## Goal of the exercise
Retype the material that follows exactly, limited to the lines from the one with "Wholesale lot of" through the one with "og håndtag: 61cm", and keep out all pictures.

## Task data

-- Opening Marker --

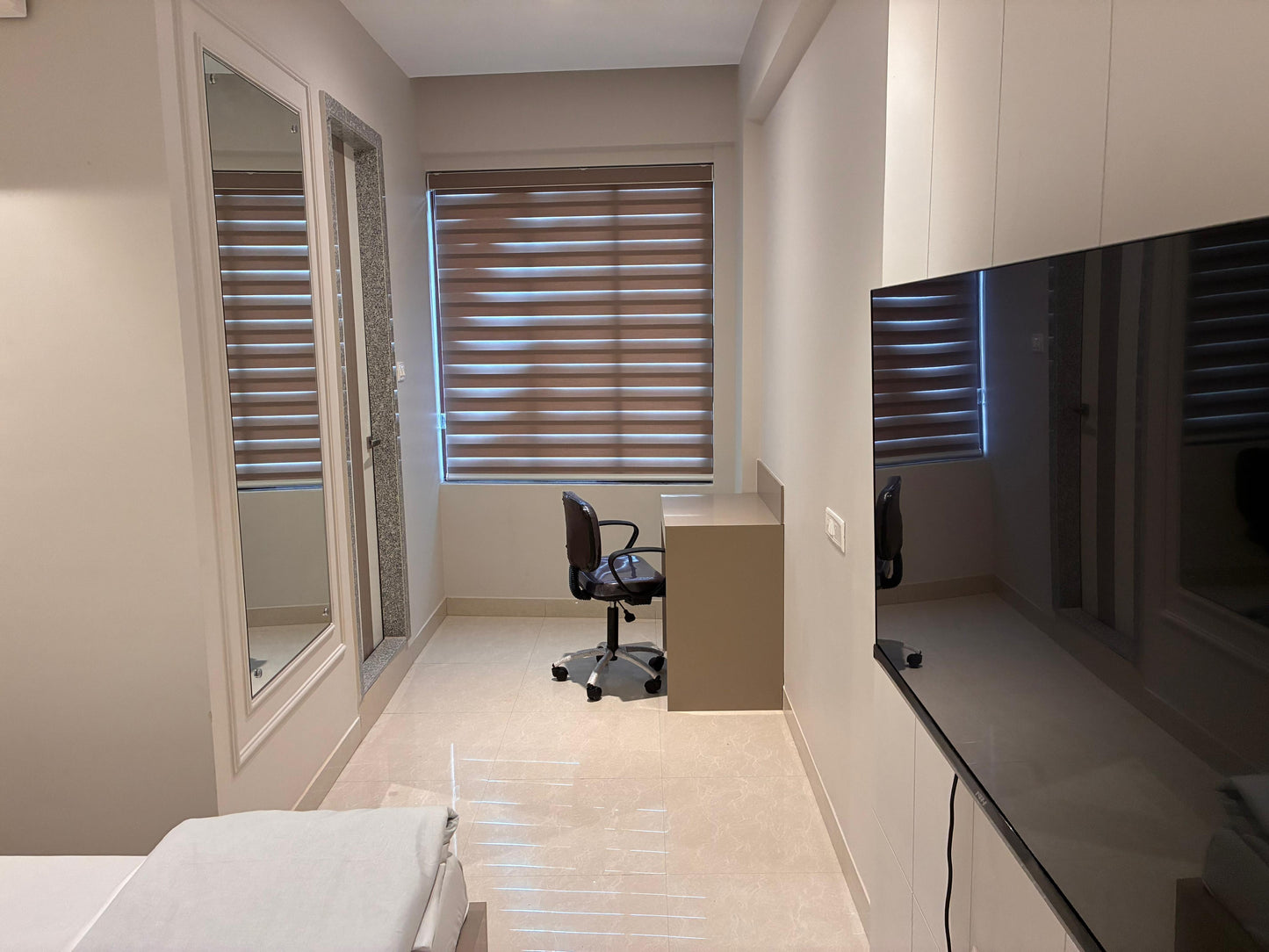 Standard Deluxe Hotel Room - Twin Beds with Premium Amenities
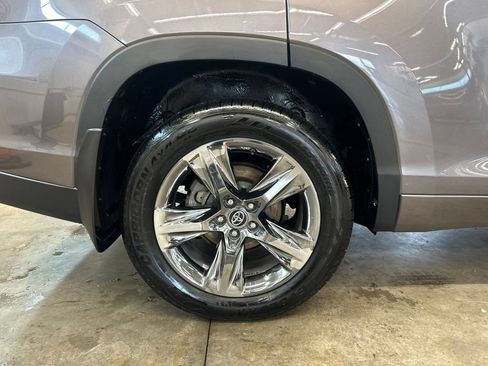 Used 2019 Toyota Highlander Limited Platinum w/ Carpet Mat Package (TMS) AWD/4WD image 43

-- Closing Marker --
-- Opening Marker --

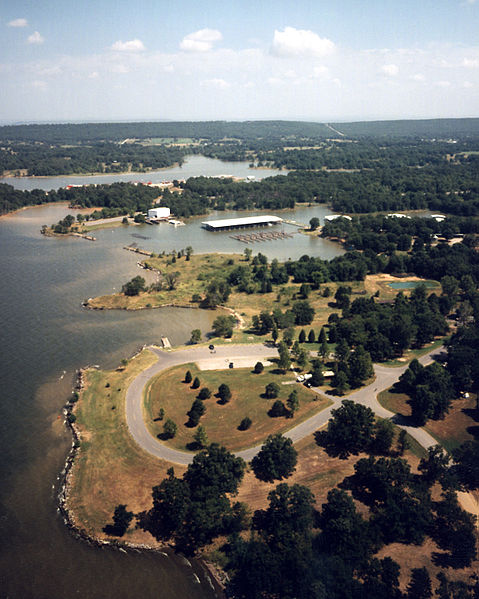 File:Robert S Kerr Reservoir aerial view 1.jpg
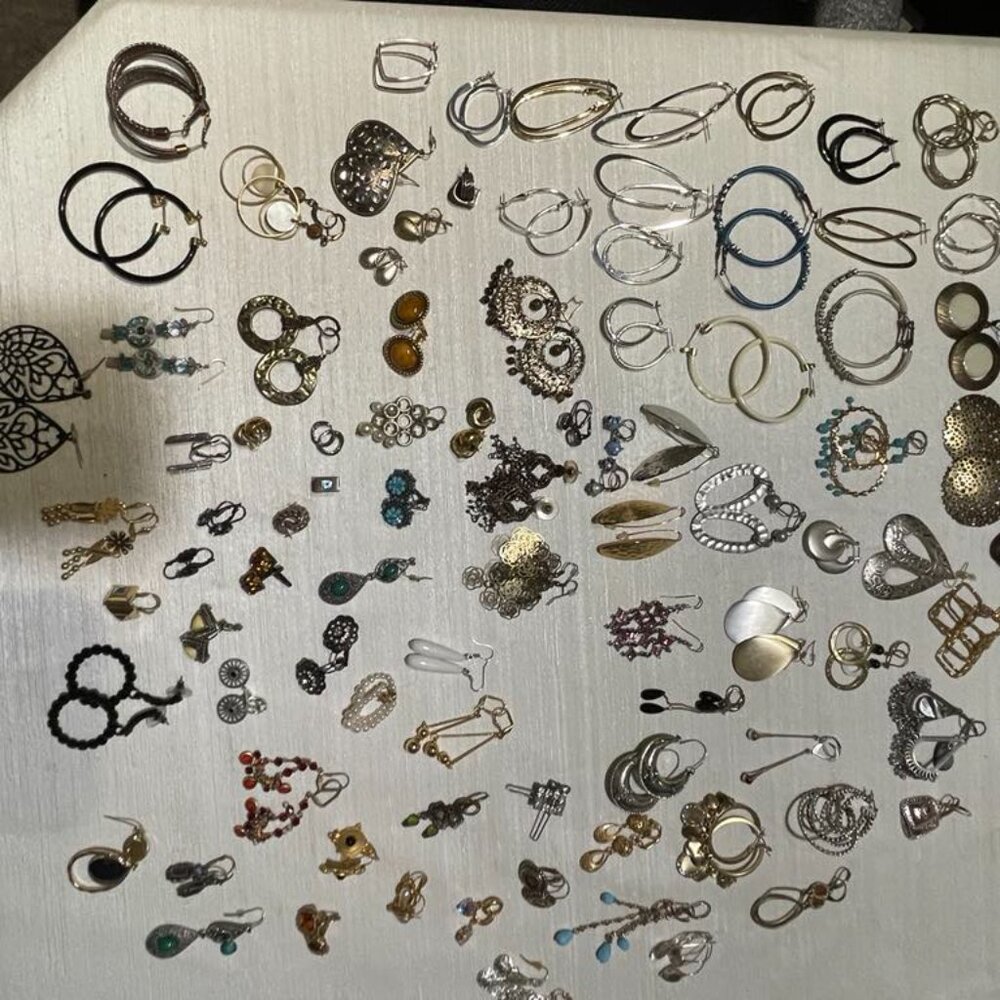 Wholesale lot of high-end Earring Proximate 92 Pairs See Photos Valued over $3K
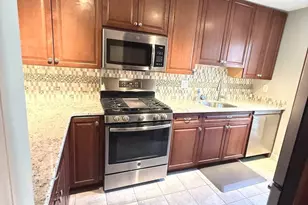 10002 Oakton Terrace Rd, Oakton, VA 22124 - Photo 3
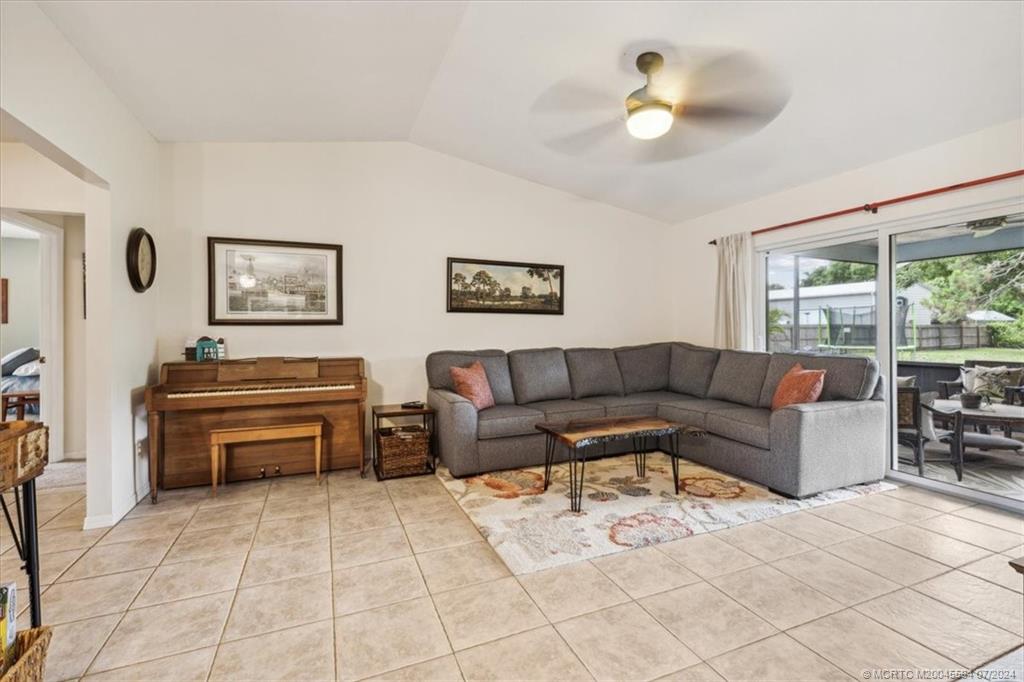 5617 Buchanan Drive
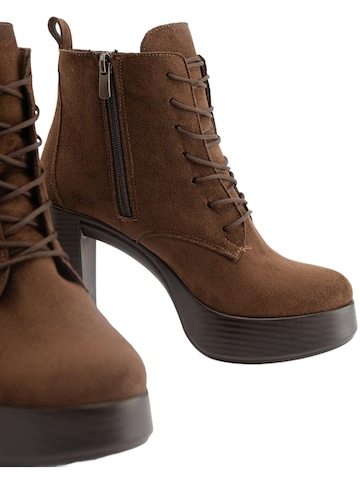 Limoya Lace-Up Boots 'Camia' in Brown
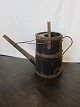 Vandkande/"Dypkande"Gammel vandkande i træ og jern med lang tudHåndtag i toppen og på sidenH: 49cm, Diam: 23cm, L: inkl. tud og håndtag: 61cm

-- Closing Marker --
-- Opening Marker --

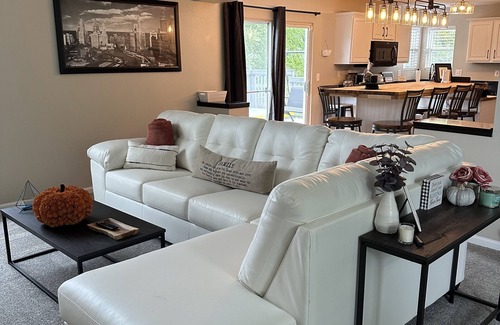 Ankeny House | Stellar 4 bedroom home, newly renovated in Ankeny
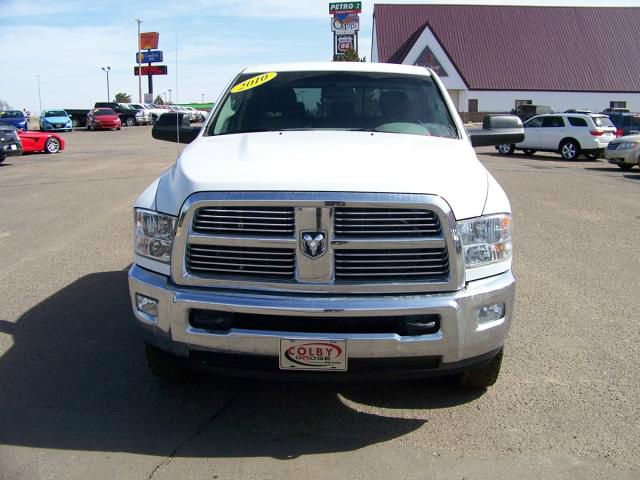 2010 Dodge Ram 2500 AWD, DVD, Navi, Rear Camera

-- Closing Marker --

## Answer to the exercise
 Wholesale lot of high-end Earring Proximate 92 Pairs See Photos Valued over $3K
 10002 Oakton Terrace Rd, Oakton, VA 22124 - Photo 3
 5617 Buchanan Drive
 Limoya Lace-Up Boots 'Camia' in Brown
 Vandkande/"Dypkande"Gammel vandkande i træ og jern med lang tudHåndtag i toppen og på sidenH: 49cm, Diam: 23cm, L: inkl. tud og håndtag: 61cm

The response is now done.